* Your task
From the material below, return every line that includes "Michael".

* Excerpted data
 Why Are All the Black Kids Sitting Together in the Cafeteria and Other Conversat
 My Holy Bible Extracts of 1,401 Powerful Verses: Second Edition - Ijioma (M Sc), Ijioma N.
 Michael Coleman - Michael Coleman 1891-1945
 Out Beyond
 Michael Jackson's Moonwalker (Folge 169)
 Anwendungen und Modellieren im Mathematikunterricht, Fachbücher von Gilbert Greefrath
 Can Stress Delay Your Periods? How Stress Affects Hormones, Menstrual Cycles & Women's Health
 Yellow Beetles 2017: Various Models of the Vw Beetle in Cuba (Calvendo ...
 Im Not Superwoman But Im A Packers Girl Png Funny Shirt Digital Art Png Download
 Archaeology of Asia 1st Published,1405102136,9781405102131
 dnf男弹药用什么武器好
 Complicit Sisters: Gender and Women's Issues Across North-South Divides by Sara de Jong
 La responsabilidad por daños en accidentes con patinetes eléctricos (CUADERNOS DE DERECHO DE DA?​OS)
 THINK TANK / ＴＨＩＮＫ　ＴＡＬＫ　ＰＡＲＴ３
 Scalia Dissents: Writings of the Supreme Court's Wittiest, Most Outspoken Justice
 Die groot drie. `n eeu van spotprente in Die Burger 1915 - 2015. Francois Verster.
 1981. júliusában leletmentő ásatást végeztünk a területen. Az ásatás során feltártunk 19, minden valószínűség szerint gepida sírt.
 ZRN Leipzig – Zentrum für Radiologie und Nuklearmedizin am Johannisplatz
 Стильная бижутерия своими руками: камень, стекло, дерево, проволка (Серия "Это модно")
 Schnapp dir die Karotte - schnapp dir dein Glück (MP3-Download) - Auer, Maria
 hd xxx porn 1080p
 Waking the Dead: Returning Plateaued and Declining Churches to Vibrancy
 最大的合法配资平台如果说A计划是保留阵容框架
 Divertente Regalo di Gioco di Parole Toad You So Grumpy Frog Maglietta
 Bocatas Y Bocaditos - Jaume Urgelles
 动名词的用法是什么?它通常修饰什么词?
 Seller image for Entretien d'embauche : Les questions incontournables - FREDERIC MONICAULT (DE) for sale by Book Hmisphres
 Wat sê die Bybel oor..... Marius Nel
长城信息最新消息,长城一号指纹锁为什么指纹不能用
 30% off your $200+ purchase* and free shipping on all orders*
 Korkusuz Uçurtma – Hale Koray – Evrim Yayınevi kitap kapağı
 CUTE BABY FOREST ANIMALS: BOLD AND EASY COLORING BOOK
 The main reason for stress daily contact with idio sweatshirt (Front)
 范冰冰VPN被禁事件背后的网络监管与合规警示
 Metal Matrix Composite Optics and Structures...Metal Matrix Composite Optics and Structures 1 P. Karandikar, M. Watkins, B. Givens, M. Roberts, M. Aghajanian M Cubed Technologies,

* Completed task
 Michael Coleman - Michael Coleman 1891-1945
 Michael Jackson's Moonwalker (Folge 169)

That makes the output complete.